Como toda grande cidade, o Rio tem seu “lado b”. Em Nova York, a atenção policial precisa ser constante em bairros do outro lado do East River, em Paris não é aconselhável se aventurar na periferia (banlieue) etc. O Rio não é exceção.
A política de pacificação de áreas dominadas pelo crime organizado se consolida e avança, com importantes resultados na redução da violência, embora ainda haja longo percurso até a criminalidade ficar em níveis “civilizados”, compatíveis aos de outros grandes centros urbanos do mundo desenvolvido.
O ataque ao casal de turistas que apanhou uma van na Zona Sul, com estupro e agressões generalizadas, fez soar o alarme para os mais otimistas. Logo em seguida, o ônibus da linha 328 (Castelo-Bananal) despencou de um viaduto na Avenida Brasil, matando sete passageiros e deixando vários feridos. Não são assuntos desconexos. Pode-se encontrar nos dois dramas características comuns, deformações com as quais os cariocas convivem, e que não serão extirpadas pelas UPPs.
Se a van, registrada para fazer transporte apenas em Niterói, pôde apanhar passageiros no Rio, tripulada por bandidos, sem ser molestada pelos órgãos de fiscalização, o ônibus que se estatelou no asfalto da Avenida Brasil estava, por sua vez, com a vistoria vencida desde dezembro. Acumulava 46 multas a partir de 2008, quando começou a circular.
A ineficácia da vigilância no trânsito é cabal. A van atravessou a Ponte e estava em Copacabana quando o casal de turistas entrou nela pensando em ir para a Lapa. Nenhum agente público interveio. O ônibus, segundo relato de passageiros sobreviventes, trafegava em alta velocidade, tanto que não parou em vários pontos. Também ninguém viu.
É possível que o motorista, André Luís Silva Oliveira, já batesse boca com o passageiro Rodrigo dos Santos Freire, estudante de física no Fundão. Rodrigo teria agredido André, a causa final do desastre. Que poderia ter sido evitado se o Estado também não tivesse falhado no campo da prevenção policial: há pelo menos dois registros contra o motorista, na delegacia da Ilha do Governador, por agredir a mulher. Já seria o suficiente para a empresa e o próprio sindicato dos motoristas considerarem André um risco, e dar-lhe algum tipo de apoio.
Para azar dos passageiros, André cruzou com Rodrigo, também com registros na mesma delegacia por brigas no condomínio em que mora.

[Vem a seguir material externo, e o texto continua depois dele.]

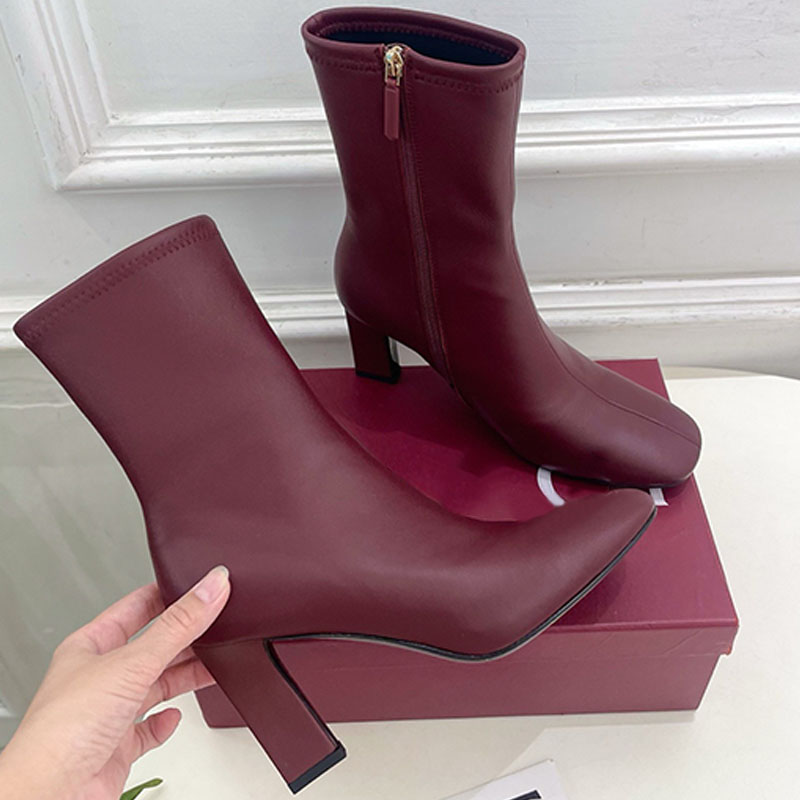 New womens designer Ankle Boots thick sturdy heels Horsebit design slim contours leather outsole sharp square toe heel sturdy heels elegant fashiona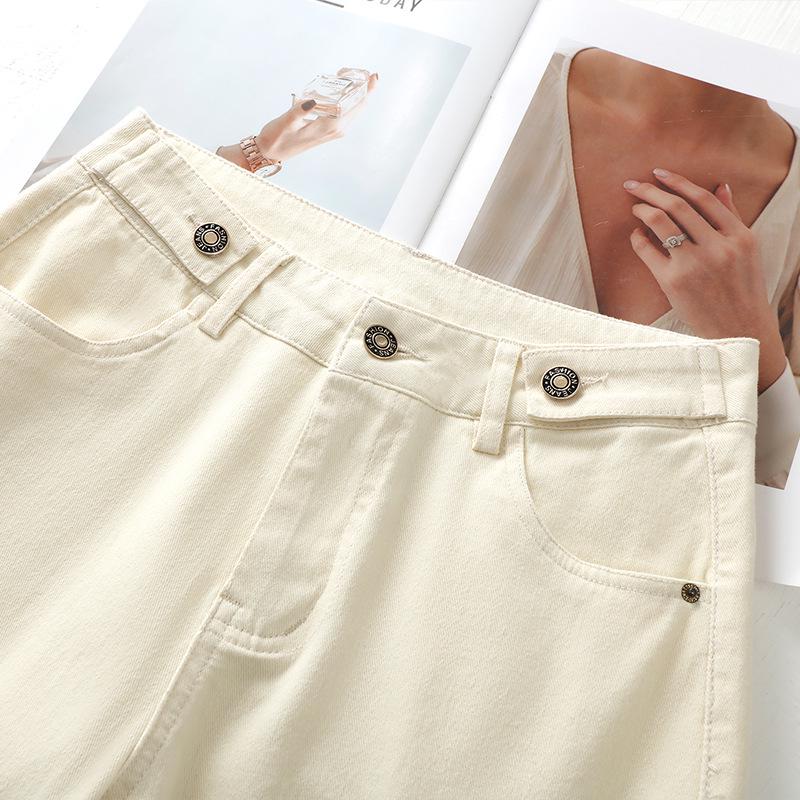 Off-White Wide-Leg Jeans: Women's 2025 Petite Floor-Length Pants for Spring & Autumn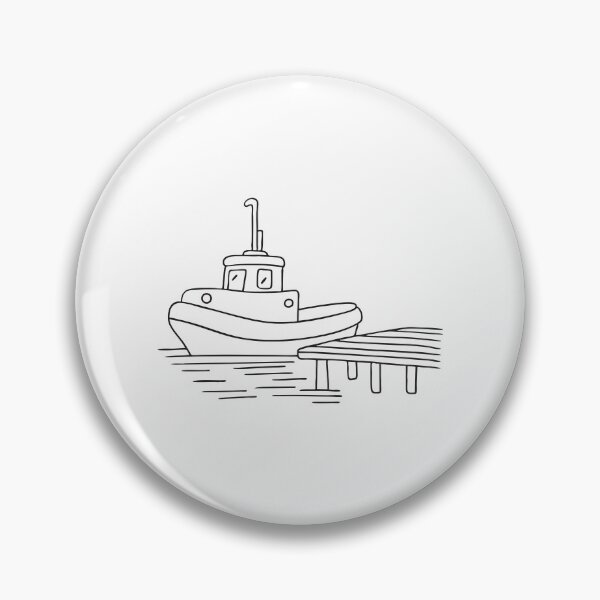 Item preview, Tugboat Anchored Near Wooden Dock designed and sold by rasagamastore.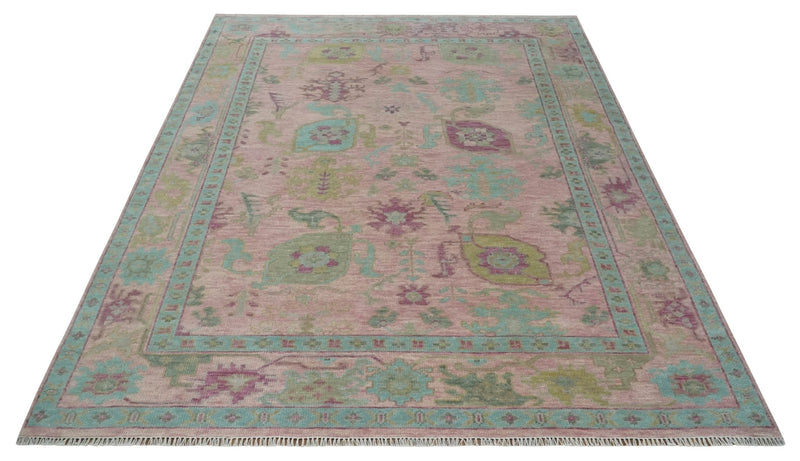 Hand Knotted Pink, Aqua and Purple Vibrant colorful Multi Size Oushak Wool Area Rug - The Rug Decor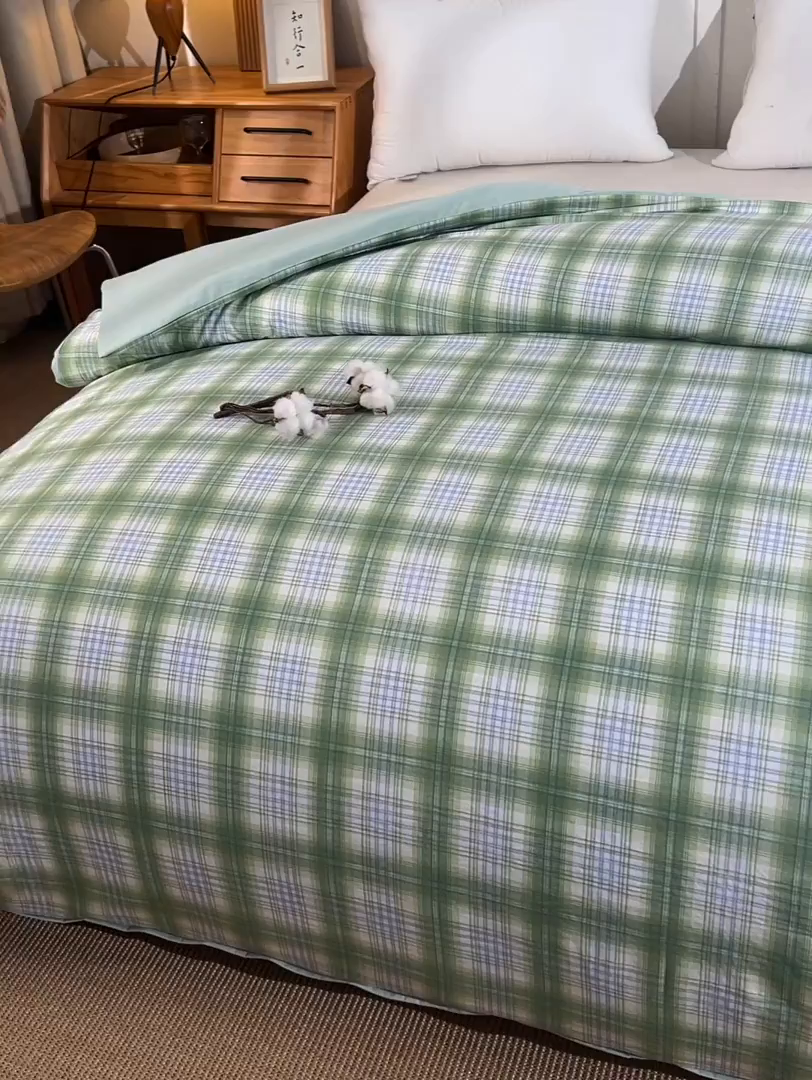 91家纺网 家纺一手货源 找家纺 锦逸家居 2025新款A类水洗棉棉花被被子被芯 达伦-绿
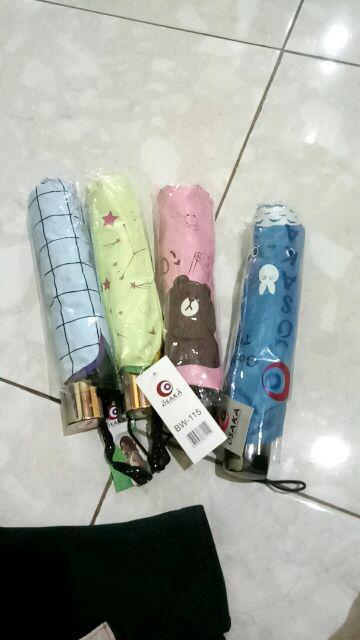 Payung Lipat 4 Karakter Motif Kotak Anti Uv Merk Osaka Bw-119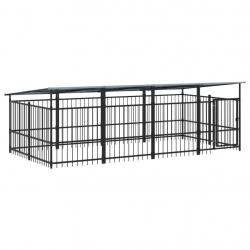 Chenil cage enclos pac animaux d'extérieur avec toit pour chiens acier 7,51 m² noir 02_0041769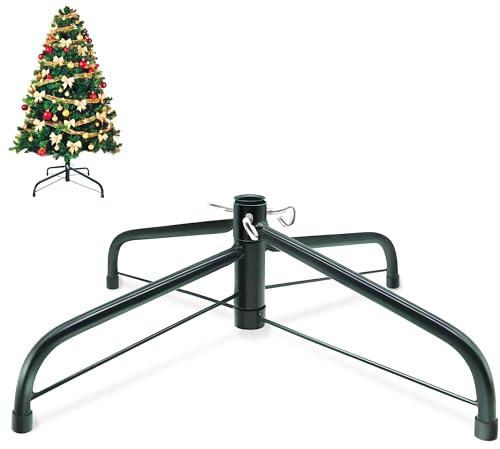 Christmas Tree Stand 40/50/60 cm - Folding Tree Stand for Artificial Christmas Trees up to 5ft-8ft - Foldable Xmas Tree with 2.2-3.2 cm Drill Hole - Green Christmas Tree Holder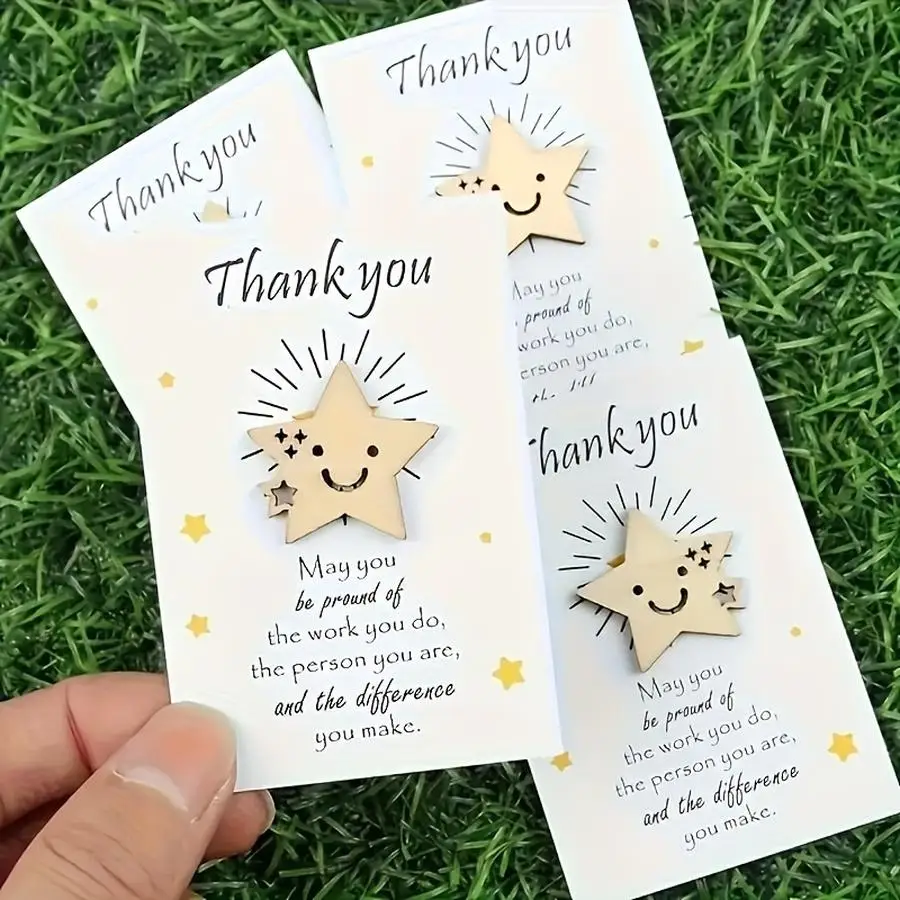 1/5/10/20/50/100pcs Wooden Star-Shaped Thank-You Cards with Inspirational Quotes - White and Gold Accents, Premium Paper Thank-Y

Nada é obra do acaso.
A informalidade e a descontração, a cara do Rio, com o tempo geraram uma cultura de desordem e incivilidade. A cidade tem de ser informal e descontraída, mas quando setores vitais da administração deixam de funcionar, e a população, no cotidiano, não se preocupa com regras mínimas de convívio e de respeito ao bem público — lixo nas ruas, depredações —, é porque está na hora de recolocar nos trilhos o jeito carioca de ser e de haver um efetivo choque de competência que aperfeiçoe os serviços públicos. As duas coisas também estão ligadas. Cabe ao Estado começar a acabar com o clima de “liberou geral”.